I have the following array, with (I think) sub lists within it:
items = [('this', 5, 'cm'), ('that', 3, 'mm'), ('other', 15, 'mm')]
I need to read it into new values for future calculations.
For example:
item1 = this
size1 = 5
unit1 = cm
item2 = that
size2 = 3
unit2 = mm
...
There may be more than 3 items in future arrays, so ideally some form of loop is needed?
Arrays in Python can be of 2 types - Lists & Tuples.
list is mutable (i.e. you can change the elements as & when you wish)
tuple is immutable (read only array)
list is represented by [1, 2, 3, 4]
tuple is represented by (1, 2, 3, 4)
Thus, the given array is a list of tuples!
You can nest tuples in lists but not lists in tuples.
This is more pythonic -
items = [('this', 5, 'cm'), ('that', 3, 'mm'), ('other', 15, 'mm')]

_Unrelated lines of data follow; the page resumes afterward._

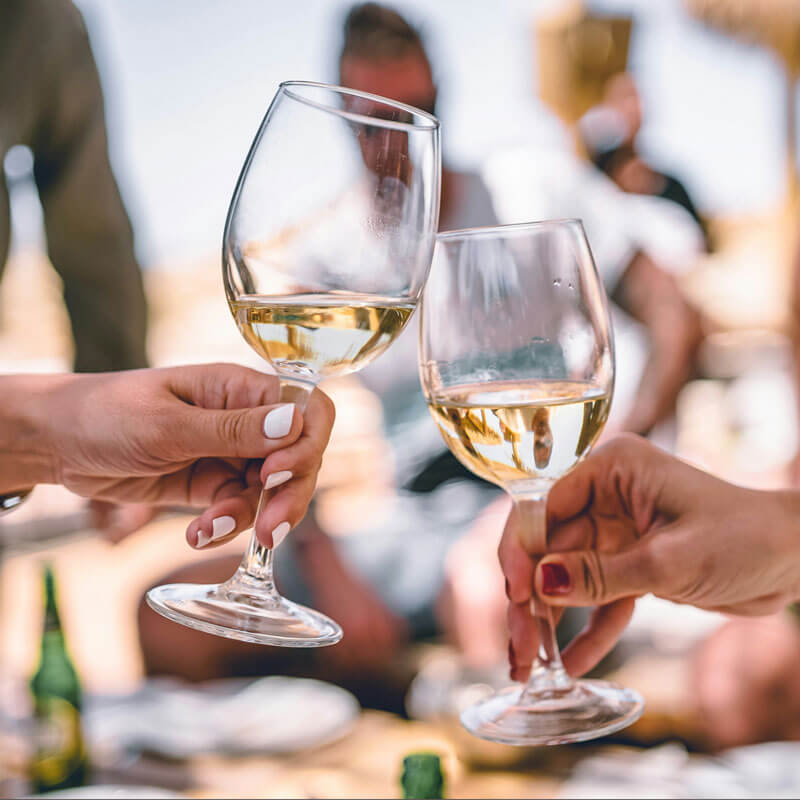 two wine glasses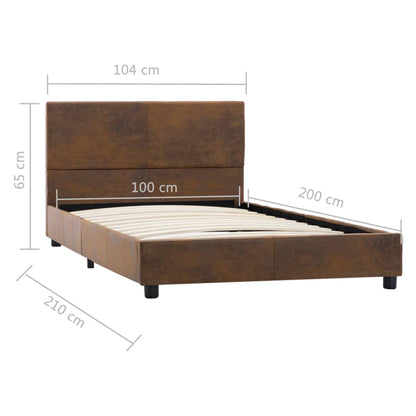 Giroletto Marrone in Similpelle Scamosciata 100x200 cm - homemem39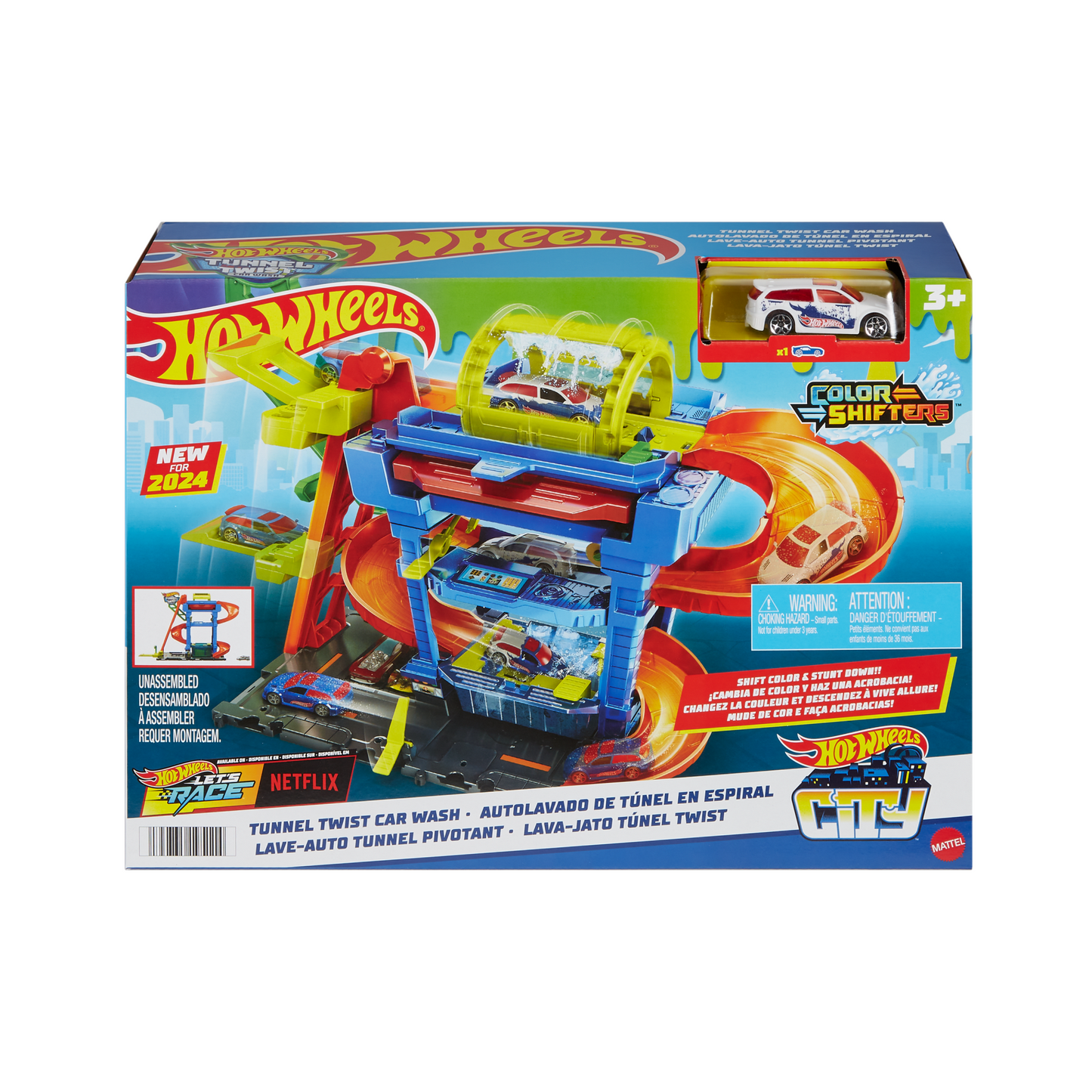 Hot Wheels  Ville  Color Shifters  Lave-Auto Tunnel Pivotant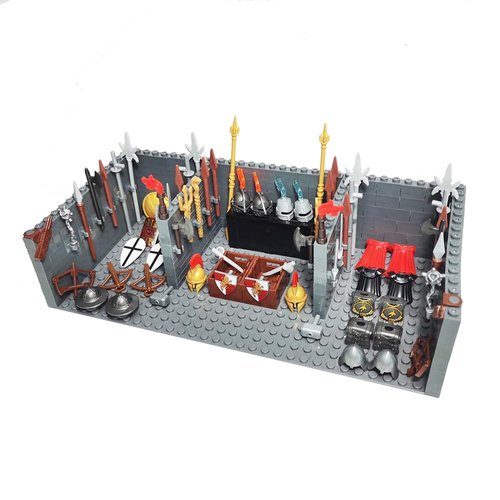 BASEPLATES Medieval Weapon House for Middle Age Castle Knight Armor Shield Helmet Spartan Roman Warrior Arrow Spear Building Block Military Figure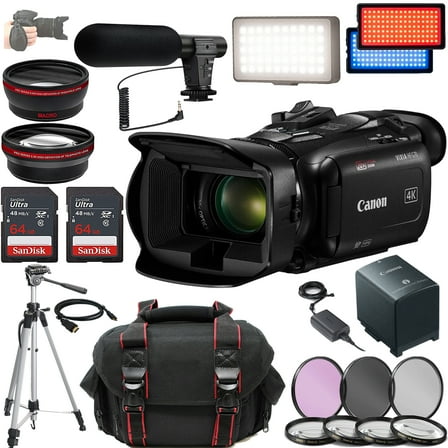 Canon Vixia HF G70 UHD 4K Camcorder w/ 2X 64GB Memory Cards   Case   Tripod   3 Piece Filter   More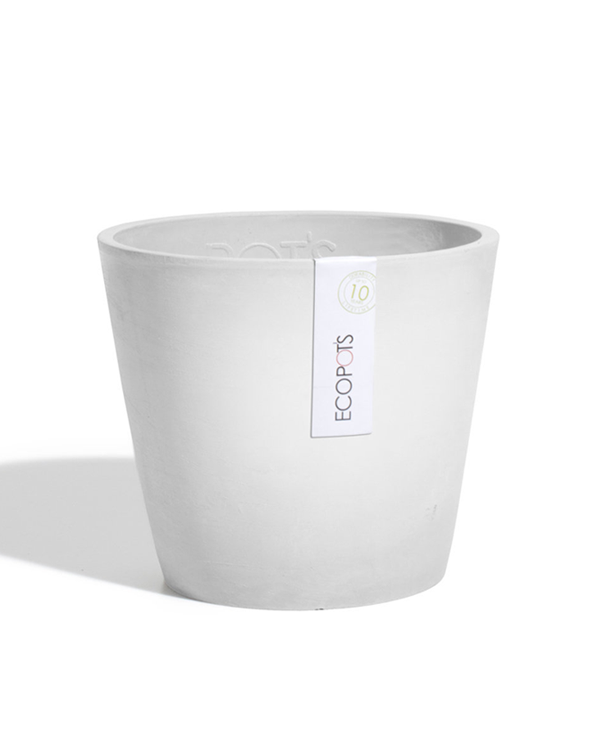 ECOPOTS Amsterdam Kleine ronde pot Whitestone 20cm
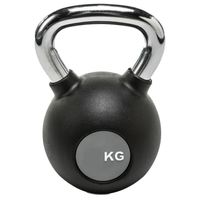 Kettlebell professionnel 10 kg - Poignée en acier - Revêtement caoutchouc - Idéal entrainement maison et salle - Coloris noir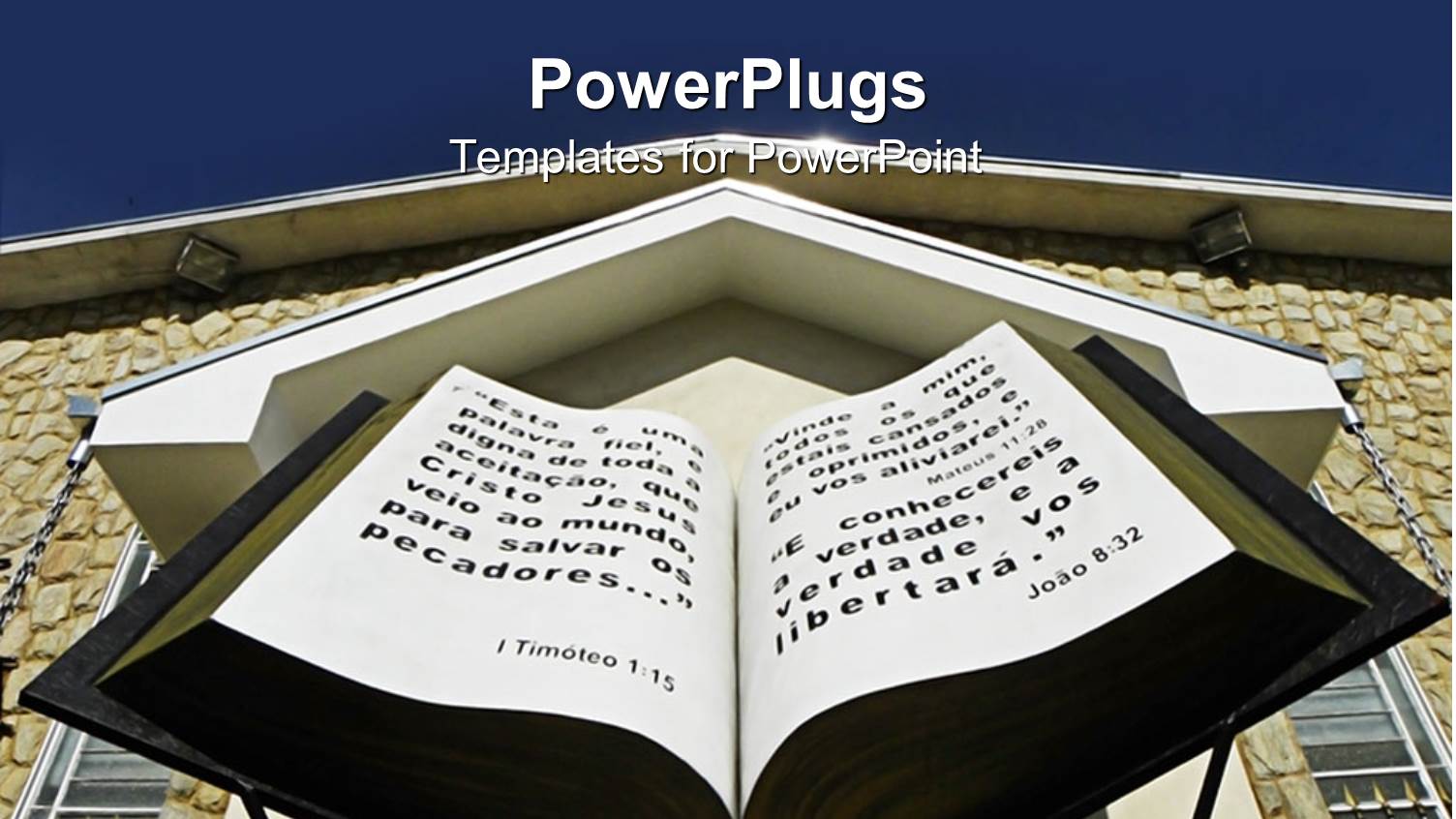 huge Open 3D Bible in Front of Brown Church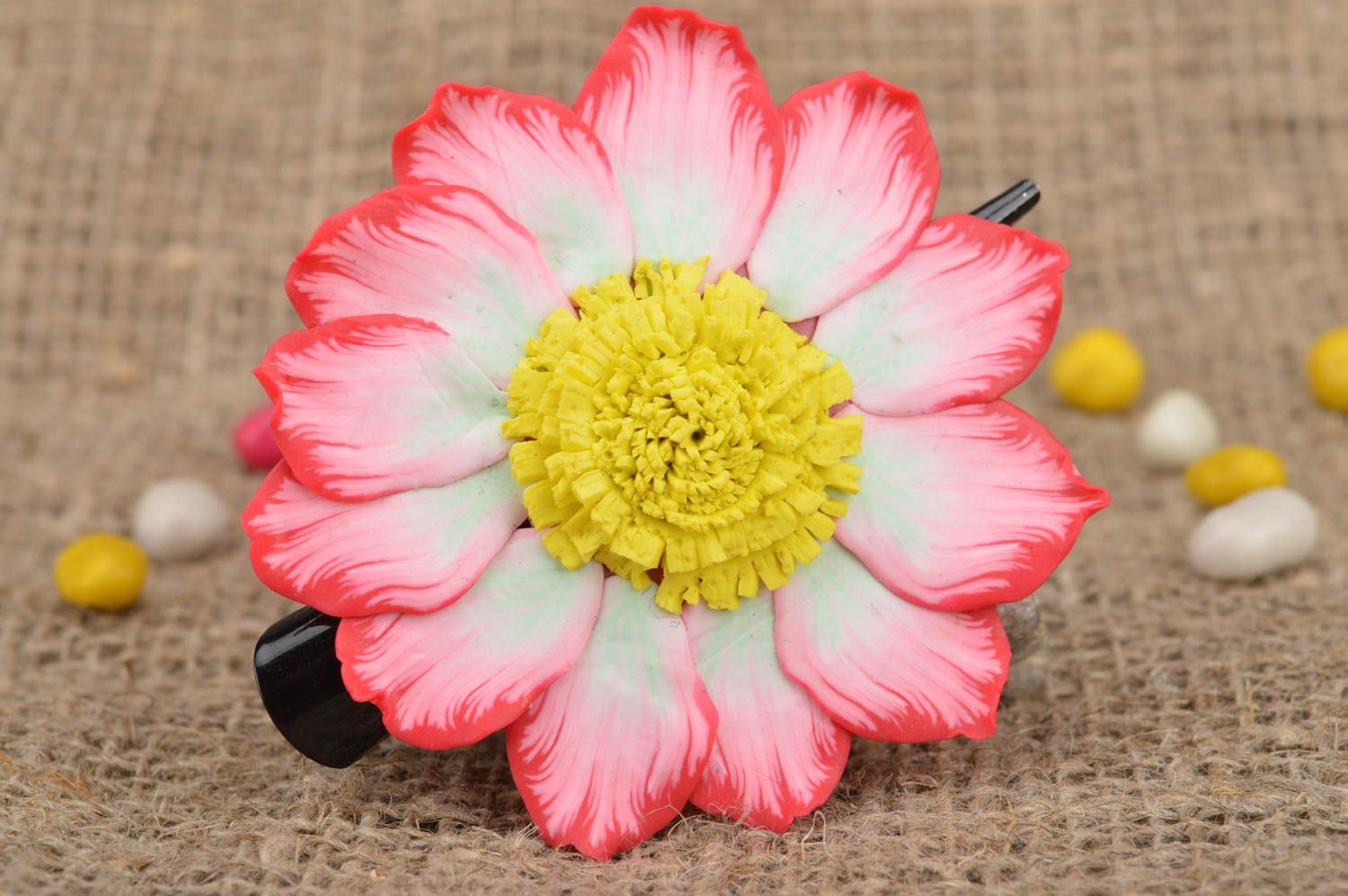 Handmade designer summer hair clip with bright flower molded of polymer clay photo 1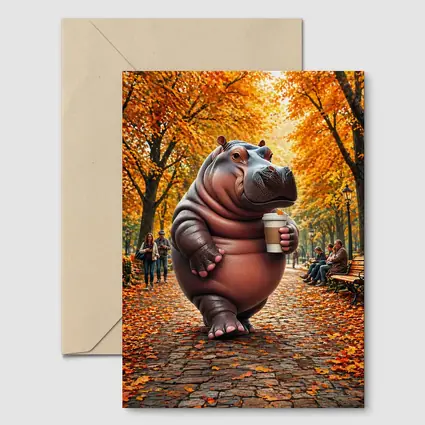 Hippo Holding Coffee Cup Autumn Park
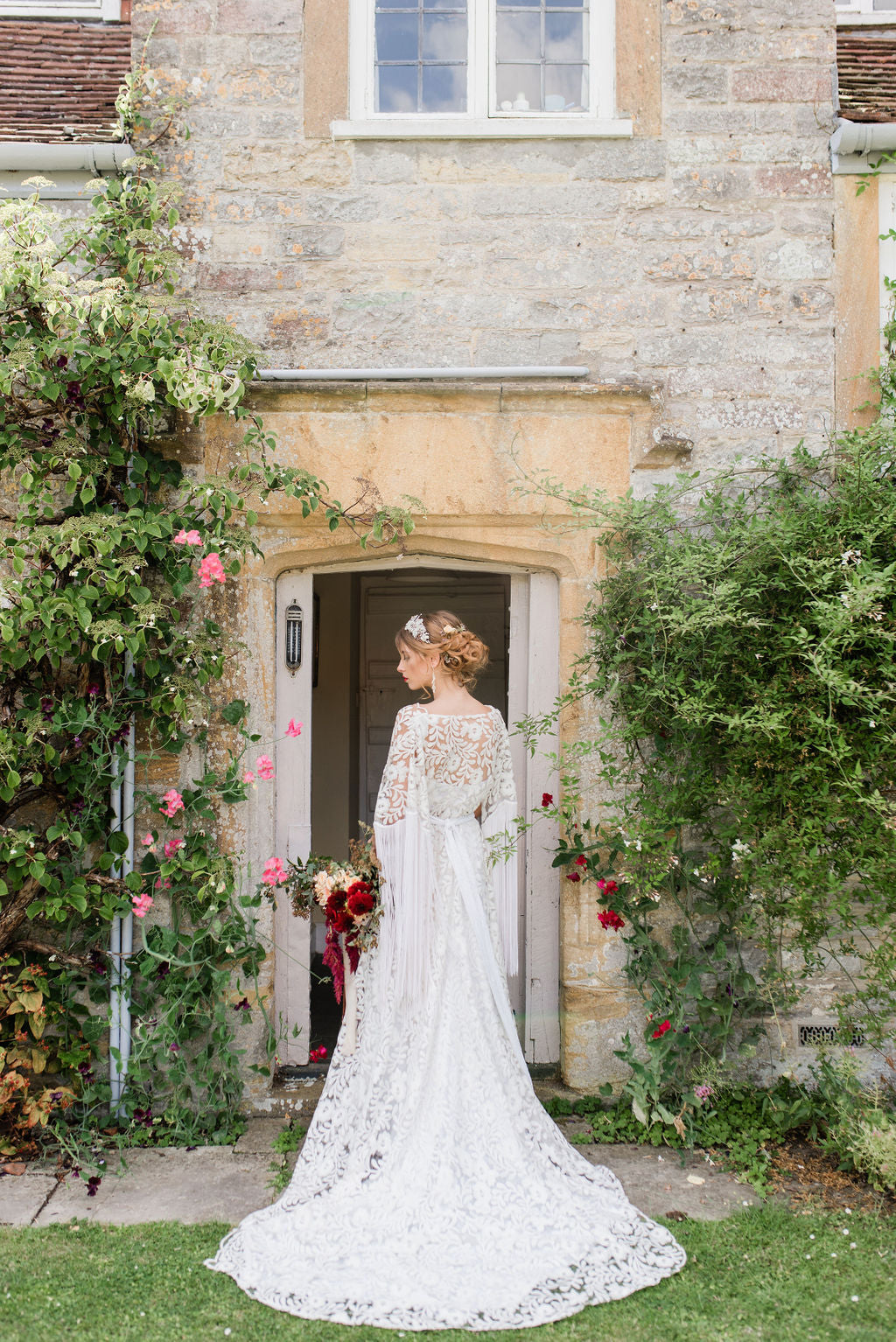 Ivory Sequin Floral Tasseled Robe Gown - Zelda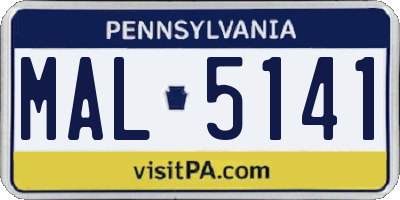 PA license plate MAL5141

found_items = [list(item) for item in items]
for i in range(len(found_items)):
print (found_items[i])
new_value = int(input ("Enter new value: "))
for i in range(len(found_items)):
recalculated_item = new_value * found_items[i][1]
print (recalculated_item)
Output from above code (taking input as 3)
['this', 5, 'cm']
['that', 3, 'mm']
['other', 15, 'mm']
15
9
45
Update : Following up on this comment & this answer I've updated the above code.
Following on Ashish Nitin Patil's answer...
If there are are going to be more than three items in the future you can use the asterisk to unpack the items in the tuples.
items = [('this', 5, 'cm'), ('that', 3, 'mm'), ('other', 15, 'mm')]
for x in items:
print(*x)
#this 5 cm
#that 3 mm
#other 15 mm
Note: Python 2.7 doesn't seem to like the asterisk in the print method.
Update:
It looks like you need to use a second list of tuples that defines the property names of each value tuple:
props = [('item1', 'size2', 'unit1'), ('item2', 'size2', 'unit2'), ('item3', 'size3', 'unit3')]
values = [('this', 5, 'cm'), ('that', 3, 'mm'), ('other', 15, 'mm')]
for i in range(len(values)):
value = values[i]
prop = props[i]
for j in range(len(item)):
print(prop[j], '=', value[j])
# output
item1 = this
size2 = 5
unit1 = cm
item2 = that
size2 = 3
unit2 = mm
item3 = other
size3 = 15
unit3 = mm
The caveat here is that you need to make sure that the elements in the props list are matched sequentially with the elements in the values list.